Écrivain espagnol (Barcelone 1916).

Il publie un recueil de poésies (Corde raide, 1950) puis, émigré à Buenos Aires, un roman (La Noria, 1951) qui décrit la vie à Barcelone à travers les pensées de multiples personnages. Poursuivant son œuvre de romancier (Lettre d'hier, 1953 ; les Voix anciennes, 1955 ; les Autres, 1956 ; le Cacique, 1963), il écrit également des récits historiques (Tudá, 1957 ; Trois Jours de juillet, 1967 ; la Fin de la guerre, 1976).

Romero (Sílvio Vasconcelos da Silveira Ramos)

Écrivain brésilien (Lagarto, Sergipe, 1851 – Rio de Janeiro 1914).

Conteur (Contes populaires du Brésil, 1883), il est aussi l'auteur d'une vaste analyse de la culture brésilienne (Histoire de la littérature brésilienne, 1888).

Romulo (Carlos Pena)

Homme politique et écrivain philippin (Camiling, près de Tarlac, 1899 – Manille, 1985).

Lié à MacArthur, il fut général américain dans la guerre contre le Japon.

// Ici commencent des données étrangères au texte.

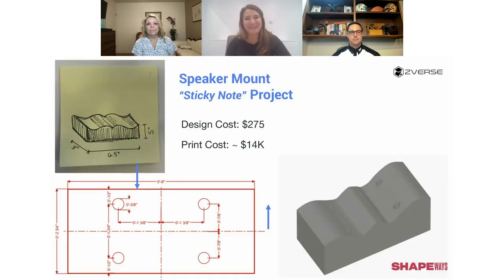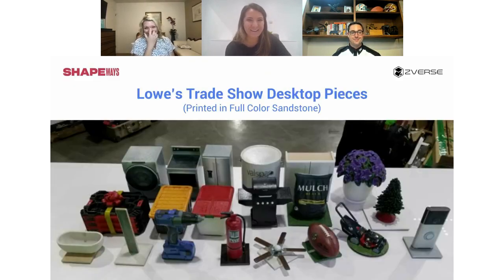The famous sticky note project goes back to our question about whether design costs more than printing. This was a super simple geometry — a customer came with a sticky note and said he needed to invert it for his speaker to be mounted to, with four holes added. The design was cheap, but it ended up costing $14,000 to print in metal. People are willing to 3D print anything. Finally, a Lowe's trade show project — the customer needed all models at five or six inches in height to print and show at their trade show in Vegas.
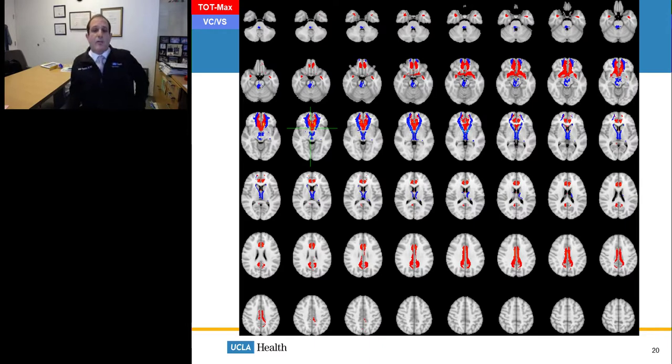Tractography also helps identify differences between our two targets. The subgenual cingulate shown in red and the ventral capsule ventral striatum both project to prefrontal cortices, but when we look at both together, we can very clearly see different patterns of connectivity — with the ventral capsule ventral striatum projections wrapping around the subgenual cingulate projections. This is important for our study because it tells us where we need to place our recording electrodes in order to understand the networks related to both disease and therapy.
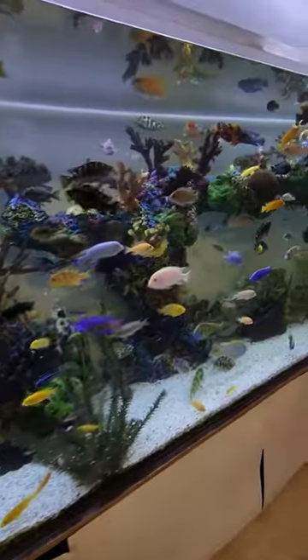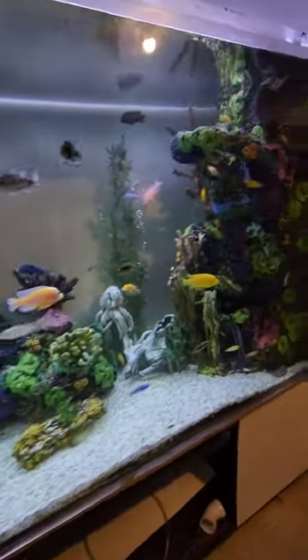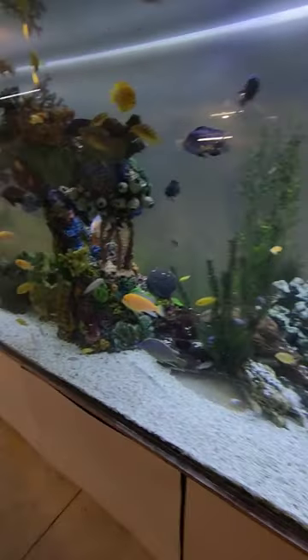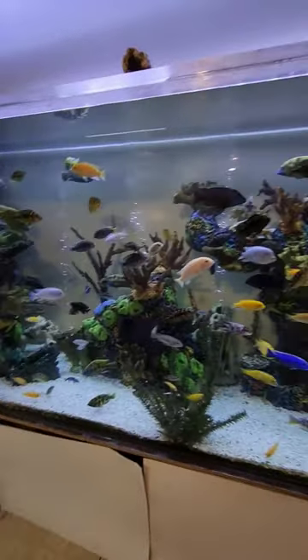Is this not one of the nicest freshwater cichlid tanks you guys have seen? Yes, there's artificial coral in it. Yes, it looks great. No, it's not natural, but it does serve its purpose. This is home to several hundred African cichlids and they all get along great.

Membre de la conférence de San Francisco (1945), président (1949) de l'Assemblée de l'O.N.U., ambassadeur aux États-Unis (1952-53 ; 1955-1962), il fonda le parti démocrate (1953). Il est l'auteur de nombreux essais historiques et politiques (l'Esprit de Bandung, 1956 ; Nationalismes contemporains et équilibre mondial, 1964 ; Explication de l'Asie mystique, 1970) et d'ouvrages autobiographiques (J'ai accompagné des héros, 1961).

Ronsard (Pierre de)

Poète français (château de la Possonnière, Couture-sur-Loir 1524 – Saint-Cosme-en-l'Isle, près de Tours, 1585).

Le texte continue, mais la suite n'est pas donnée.